December 25 — 2 Peter 1‐3, Jude 1 — Getting Ready. For those of you who have been getting ready for this day all month: Merry Christmas! There is another kind of getting ready in our reading for today. Peter wrote this second letter near the end of his life (2 Pet. 1:14) around A.D. 64-67 and it was intended for churches of central Asia (modern Turkey). Jude wrote his letter about the same time, which is very similar to 2 Peter 2. The main theme of both was maintaining righteous living while facing oppression. The cruel Emperor Nero was in power over the Roman Empire, and he led several periods of severe persecution against Christians. What can we do when facing troubling times when our faith is challenged? One solution that Peter stressed is to grow in our knowledge of God, mentioning this kind of knowledge 13 times in these chapters. We come to know God primarily through exposing ourselves to the Scriptures, which we have been doing every day this year. We need to “pay attention” to its words (1:19), “practice” its principles (1:10), and “be diligent” in keeping ourselves pure and peaceable (3:14). Jude tells the believer to be “building yourselves up in your most holy faith and praying in the Holy Spirit, keep yourselves in the love of God” (Jude 1:20-21). Then, when persecution or false teaching challenges us, we will be prepared.

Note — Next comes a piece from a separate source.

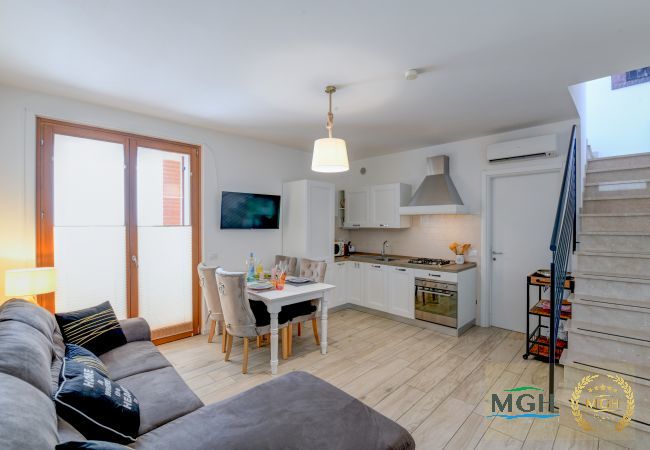 Appartamento a Peschiera del Garda - Rosa del Lago Apartment Appartamento a Peschiera del Garda - Rosa del Lago Apartment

December 26 — 1 John 1‐5 — Testing Genuineness. This is the first of the Apostle John’s three letters that we have in the New Testament. It was probably written in the latter part of his long life from Ephesus to churches scattered east of there in the Roman province of Asia Minor (modern Turkey). Typical of “the disciple whom Jesus loved” (John 21:20), this letter contains much about the subject of love. He was concerned about our love being genuine and offered a number of tests to “grade” ourselves, not only about love, but also about things like fellowship and acknowledging, knowing, abiding in, and obeying God. He introduced these tests with repeated expressions like, “If we say…” (3 times), “Whoever says…” (3x), “By this we know…” (10x), “Whoever…” (13x), and “Everyone…” (1x). The critical test is whether we really know God or not. It would be rare for someone to be as faithful as you have been in reading through the whole Bible unless you had a personal, saving relationship with God. The other tests, however, should challenge all of us when we gauge the depth of our spiritual experience. In which of these areas would you like to grow the most during the coming year?

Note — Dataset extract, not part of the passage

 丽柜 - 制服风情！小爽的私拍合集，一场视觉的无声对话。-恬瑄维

December 27 — 2 & 3 John — No Greater Joy. These two letters were likely written at the same time as John’s first letter and were sent with Demetrius (3 John 1:12) to be given to Gaius as well as “the elect lady” (2 John 1:1) and the churches of Asia Minor. Because of the many plural Greek forms of the “you” words, it has been suggested that “the elect lady” may refer not to a particular lady but to the church of which Gaius was a member (the Greek word for “church” is feminine in form). The themes of these two letters are similar to 1 John, namely, loving each other and obeying God. One expression that stood out to me was John’s statement that “I have no greater joy than to hear that my children are walking in the truth” (3 John 1:4). That is true whether it refers to one’s own physical children or to one’s spiritual children. If you led your own children to Christ, you know the great joy and comfort it is to see them following the Lord. I still have contact with a few other people whom I led to the Lord years ago and it is a joy to see that they are not only still being faithful, but that they have brought up their own children to love God as well. We can increase our joy by bringing someone else into the family of God.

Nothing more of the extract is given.